Your goal:
Copy out the entries that come next, exactly.

Data excerpts
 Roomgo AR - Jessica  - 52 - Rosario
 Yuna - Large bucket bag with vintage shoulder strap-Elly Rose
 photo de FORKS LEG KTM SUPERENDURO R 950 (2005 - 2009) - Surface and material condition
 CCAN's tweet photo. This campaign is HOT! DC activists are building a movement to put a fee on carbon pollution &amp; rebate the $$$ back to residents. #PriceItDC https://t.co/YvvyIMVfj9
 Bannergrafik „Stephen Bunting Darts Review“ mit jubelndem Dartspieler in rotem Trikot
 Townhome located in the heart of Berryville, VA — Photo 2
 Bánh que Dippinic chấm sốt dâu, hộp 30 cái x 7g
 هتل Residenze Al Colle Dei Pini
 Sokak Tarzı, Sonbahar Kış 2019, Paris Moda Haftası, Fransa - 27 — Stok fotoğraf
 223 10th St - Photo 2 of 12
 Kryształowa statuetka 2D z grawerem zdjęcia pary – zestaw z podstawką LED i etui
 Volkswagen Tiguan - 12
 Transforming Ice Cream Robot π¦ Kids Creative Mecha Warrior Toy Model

Response below:
 Roomgo AR - Jessica  - 52 - Rosario
 Yuna - Large bucket bag with vintage shoulder strap-Elly Rose
 photo de FORKS LEG KTM SUPERENDURO R 950 (2005 - 2009) - Surface and material condition
 CCAN's tweet photo. This campaign is HOT! DC activists are building a movement to put a fee on carbon pollution &amp; rebate the $$$ back to residents. #PriceItDC https://t.co/YvvyIMVfj9
 Bannergrafik „Stephen Bunting Darts Review“ mit jubelndem Dartspieler in rotem Trikot
 Townhome located in the heart of Berryville, VA — Photo 2
 Bánh que Dippinic chấm sốt dâu, hộp 30 cái x 7g
 هتل Residenze Al Colle Dei Pini
 Sokak Tarzı, Sonbahar Kış 2019, Paris Moda Haftası, Fransa - 27 — Stok fotoğraf
 223 10th St - Photo 2 of 12
 Kryształowa statuetka 2D z grawerem zdjęcia pary – zestaw z podstawką LED i etui
 Volkswagen Tiguan - 12
 Transforming Ice Cream Robot π¦ Kids Creative Mecha Warrior Toy Model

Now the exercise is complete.